CAIRO, EGYPT — This country is nothing if not deeply polarized. And despite the rhetoric on both sides, neither the loyalists, who still support ousted Islamist President Mohamed Morsi, nor those who back the military intervention have a clear mandate to move forward.
One thing is for sure though: While those turning out to support Morsi are almost exclusively Muslims, the crowds at the military-sponsored demonstrations are much less religiously homogeneous. Still, it is hard to miss the surfeit of people wearing crucifixes and bearing traditional Coptic Christian tattoos milling about in Tahrir Square and outside the presidential palace, areas that have been occupied by anti-Morsi demonstrators.
The Coptic pope has long been a vocal opponent of Morsi and joined with many established Muslim clerics in supporting the coup. Pictures of the pope and pro-military Muslim clerics are now everywhere in pro-military demonstrations, outnumbered only by pictures of newly ascendant Gen. Abdul Fattah al-Sisi.
That members of the Christian minority indigenous to Egypt overwhelmingly support the ouster of an Islamist president probably surprises no one, and most Copts I know were loudly advocating a military takeover months before it became fashionable to do so. However, in their haste to get rid of the Islamists, it seems that Christians here have given their support to a military establishment that is unable to protect them and historically has been as prone to anti-Christian violence as the Islamists.

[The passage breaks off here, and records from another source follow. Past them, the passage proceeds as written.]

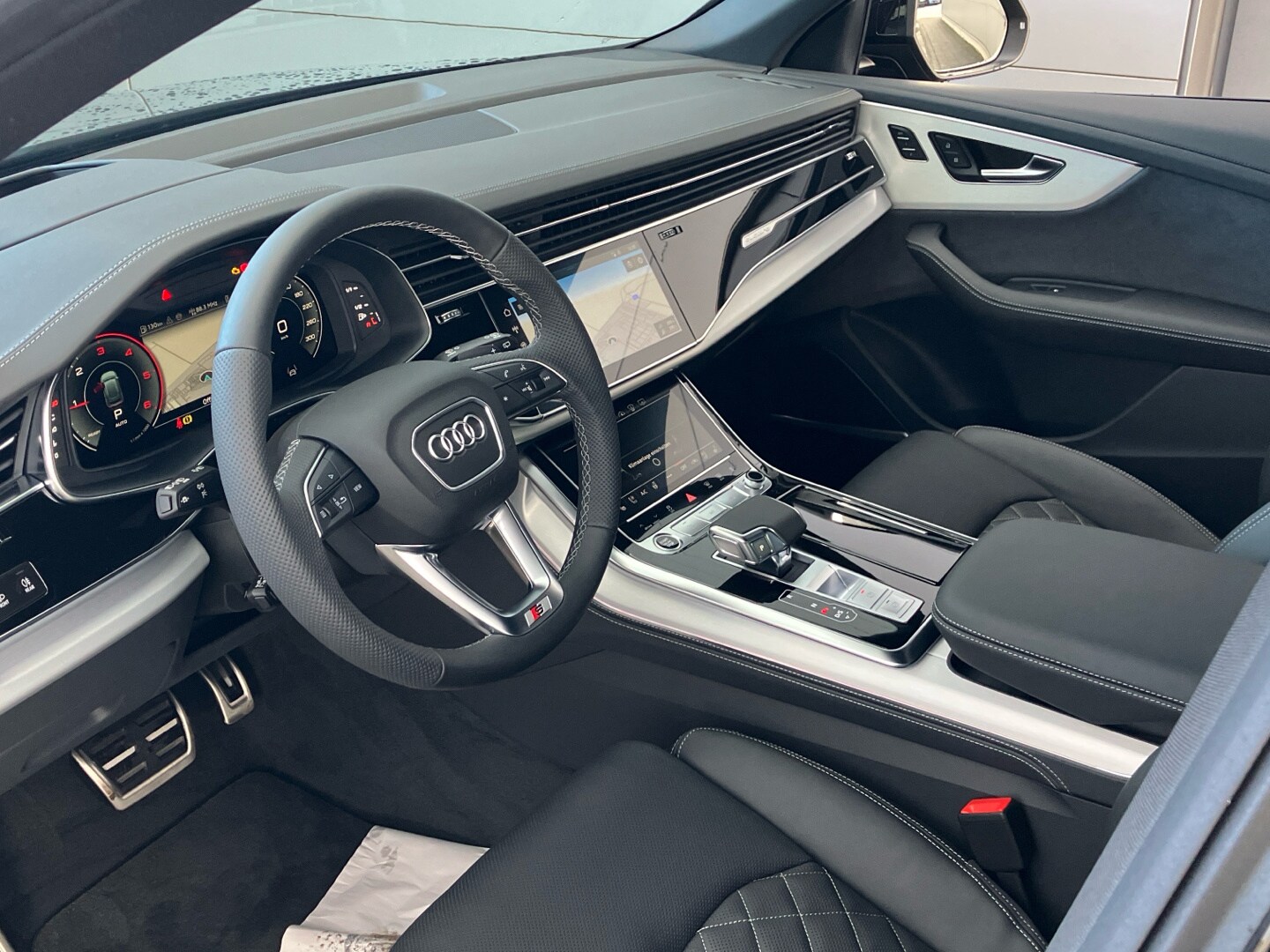 Audi Q8 SUV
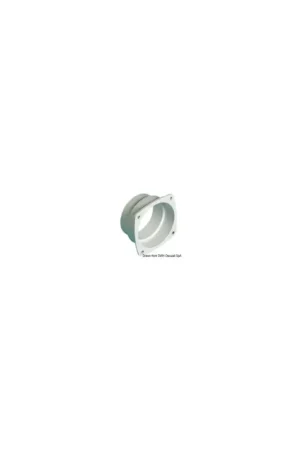 Collare doppio diametro ABS per tubi aspiratore gas, Ø 70/80 mm Pagamento Sicuro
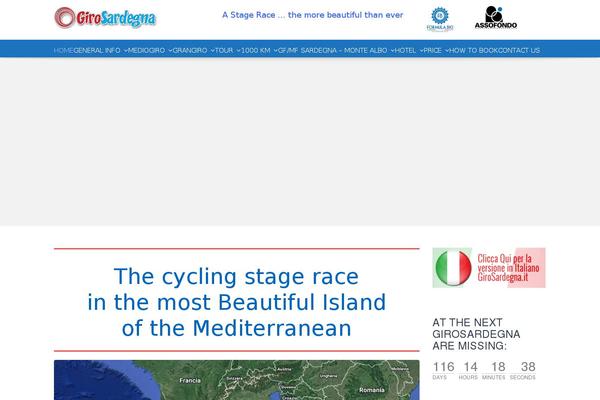 Site using CWidget Countdown plugin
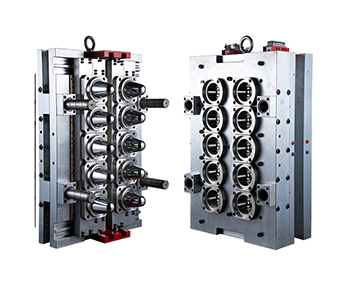 Wide-Mouth Preform Mold(Mould)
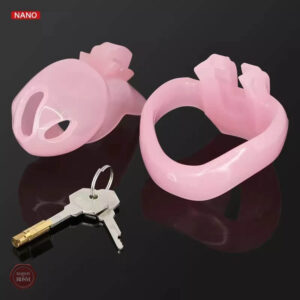 Cage Nano-Tight V4, design compact et discret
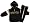New Orleans Saints Toddler Full Zip Hooded Jacket and Pant Set - 2T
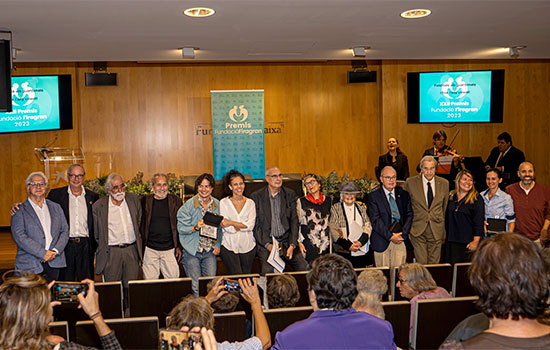 geriatricarea Premios Fundacion FiraGran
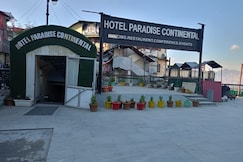 Hotel Paradise Continental @ Mall Road with Free Parking, Mussoorie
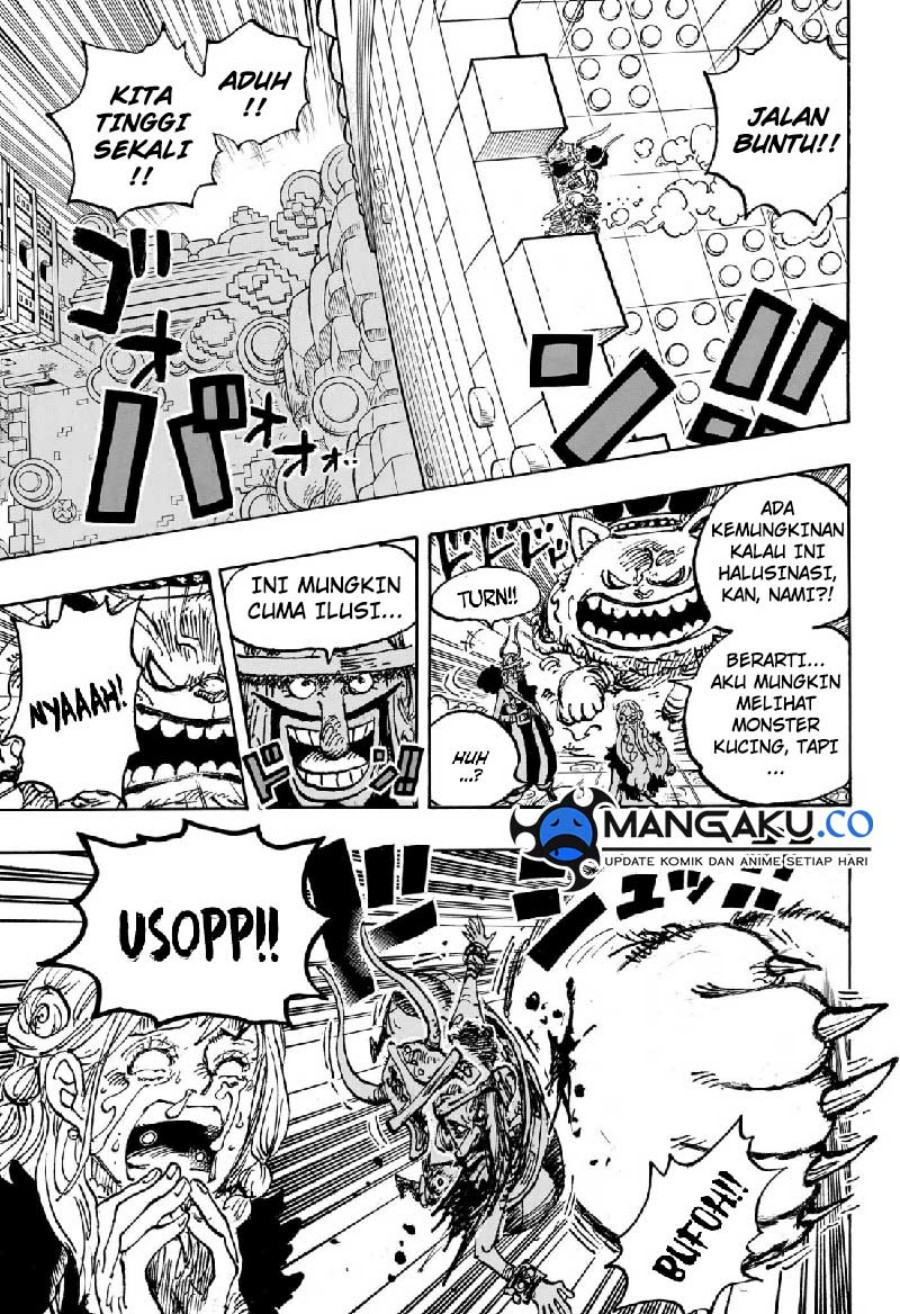 Chapter 1127 - halaman 11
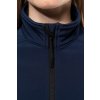 LADIES' SOFTSHELL JACKET Black (Vyberte barvu černá, Velikost 2XL)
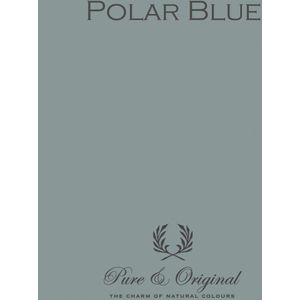 Pure & Original Classico Regular Krijtverf Polar Blue 10L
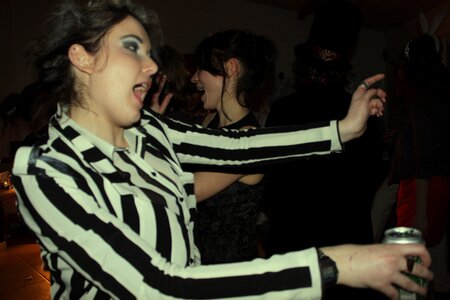 Tim burton Party!!, IMG_7664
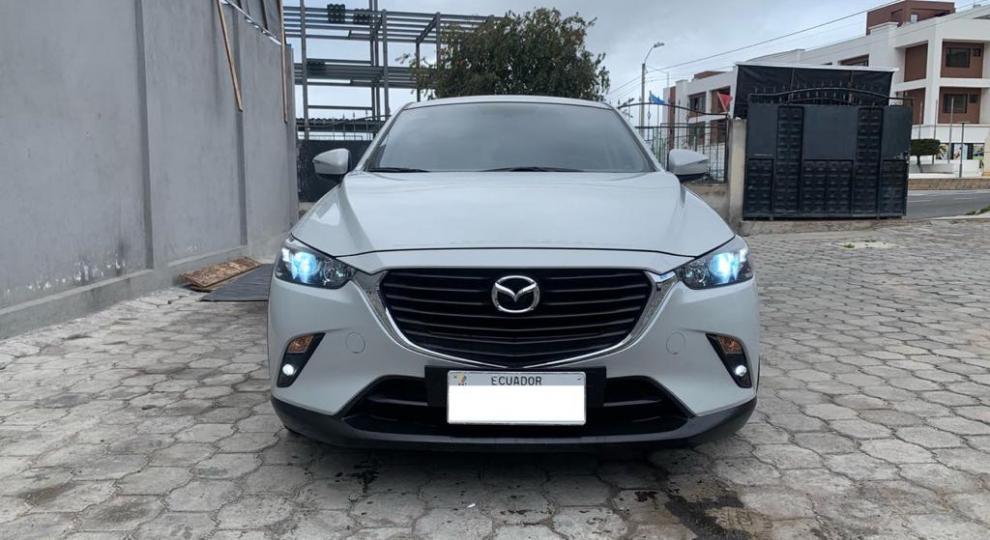 Mazda CX-3 2018 Ambato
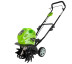 Аккумуляторный Культиватор Greenworks G-MAX 40V с 4 А.ч. АКБ и ЗУ в Екатеринбурге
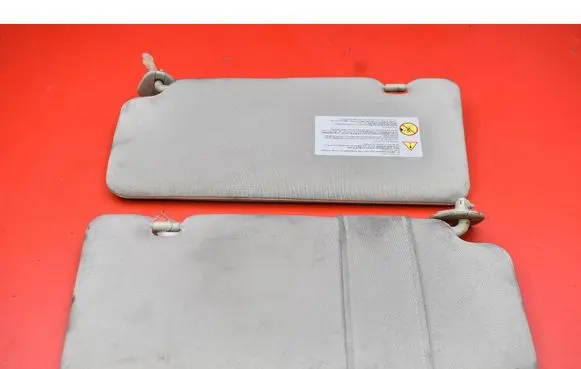 Nissan Tiida C11 Sun visor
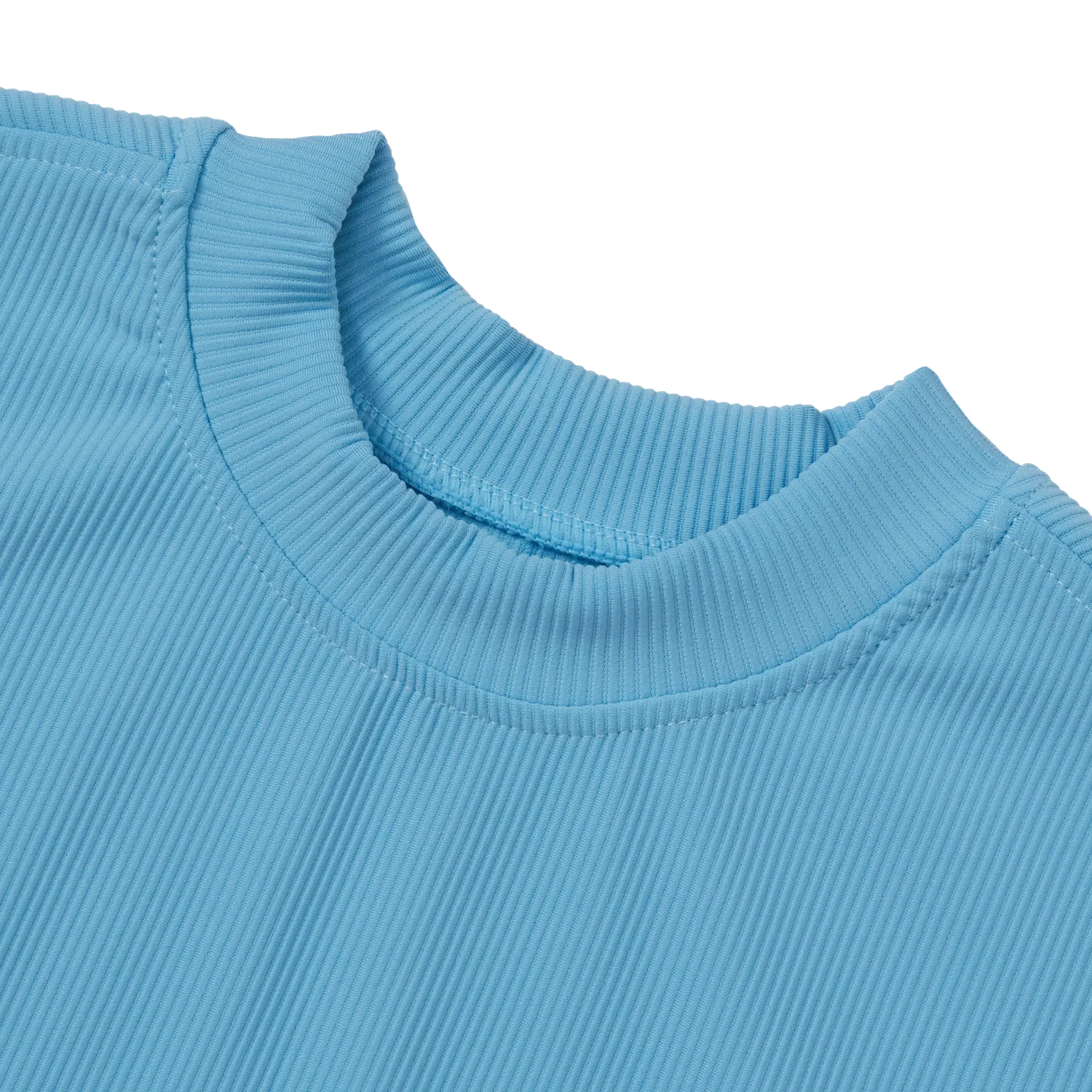 Eddie Bauer Trail Mile Rib bluza fete Tile Blue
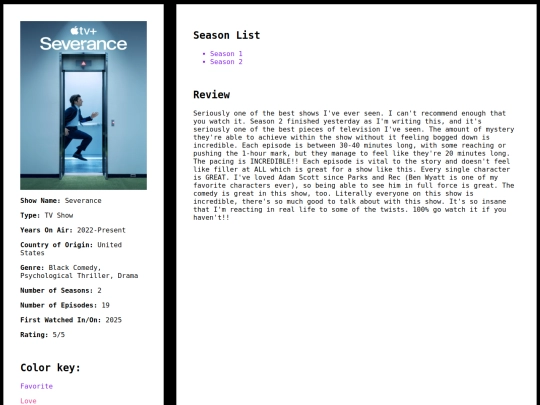 other/showsmovies/severance screenshot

Despite a long history of official religious persecution against Copts, most Egyptian Muslims are tolerant and accepting of their Christian neighbors, at least on a personal level.
Morsi tried to emphasize his own personal tolerance, but while he made some scattered overtures to the Coptic Christian community, he also made it clear that he was going to be a Muslim president who would lead Egypt on an Islamic path.
The traditional Islamic law that Morsi and his Muslim brothers ostensibly look to is somewhat schizophrenic when it comes to religious tolerance. On the one hand, Islam is the only Abrahamic religion that explicitly prohibits forced conversions and outright victimization of other faiths. However, traditional Islamic law generally demands that non-Muslims pay an extra tax, and prohibits them from prosthelytizing, joining the army, or having meaningful leadership roles outside their communities.
These days Christians are still subject to numerous restrictions in Egypt, but the tax and military ban have been gone for over a century. Most Christians in Egypt feared that Morsi would use his power to reinstate and expand these edicts and solidify their status as second-class citizens.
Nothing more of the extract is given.